NOx and ammonia emissions also combine with other gases to form fine particulate matter, a major air pollution contributor causing an estimated 4 million deaths annually.
“Labeling ammonia as a ‘clean’ fuel is misleading. Being carbon-free does not equate to being clean and beneficial for public health,” Wong states.
To present a comprehensive view, the researchers designed scenarios to measure pollutant impacts under various technological and policy conditions.
Technologically, they considered two types of ship engines: one burning pure ammonia, emitting higher unburnt ammonia but fewer NOx, and another mixing ammonia with hydrogen to enhance combustion and catalytic converter performance, reducing both NOx and unburnt ammonia emissions.
They also analyzed three policy scenarios: current regulations limiting NOx emissions in certain regions, a scenario with ammonia emission limits over North America and Western Europe, and a global limit on ammonia and NOx emissions.

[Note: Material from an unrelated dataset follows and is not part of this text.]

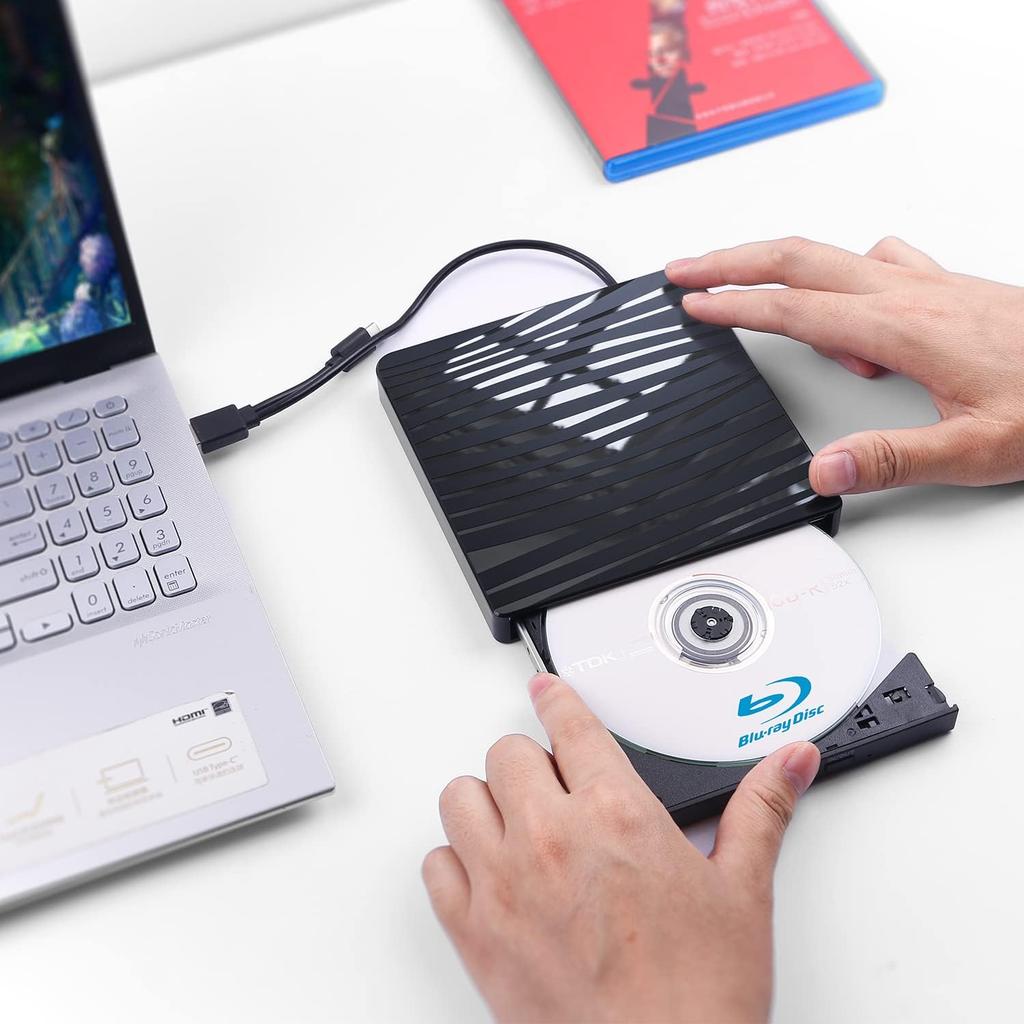 External Blu Ray Drive, USB 3.0 Type-C Blu Ray Burner Blu-Ray Reader and Writer 3D BD-ROM Optical DVD Recorder BD-RE Bluray Play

Using a ship track model, they calculated pollutant emission changes under each scenario, feeding the results into an air quality model to assess particulate matter and ozone pollution impacts. Finally, they estimated global public health effects.
One major challenge was the lack of real-world data, as ammonia-powered ships are not yet operational. The researchers utilized experimental ammonia combustion data from collaborators to build their model.
“We had to devise innovative methods to make the data useful and relevant for both technological and regulatory contexts,” Wong says.
Ultimately, they found that with no new regulations and pure ammonia-burning engines, switching the entire fleet could cause 681,000 additional premature deaths annually.
“While a scenario without new regulations is unlikely, it highlights the potential dangers of ammonia emissions. Unlike NOx, ammonia emissions from shipping are currently unregulated,” Wong notes.
Conversely, using cleaner engine technology without new regulations could reduce premature deaths to around 80,000, about 20,000 fewer than current maritime emissions. With robust global regulations and cleaner technology, air pollution-related deaths from shipping could decrease by approximately 66,000.
“The study underscores the need for policy development alongside new technologies,” Selin emphasizes. “Ammonia can be beneficial for climate and air quality, but regulations must address all potential impacts, including both climate and air quality.”
Ammonia’s air quality impacts would not be evenly distributed globally, necessitating coordinated strategies across different regions. Most premature deaths would occur in East Asia due to less stringent air quality regulations and higher existing pollution levels, which increase particulate matter formation from ammonia emissions. Additionally, East Asia’s heavy shipping volume exacerbates these negative effects.
Future research will aim to refine these findings and encourage the marine industry to share engine data for better evaluation of air quality and climate impacts. The researchers also hope to inform policymakers about the urgency of updating shipping emission regulations.
This research was funded by the MIT Climate and Sustainability Consortium.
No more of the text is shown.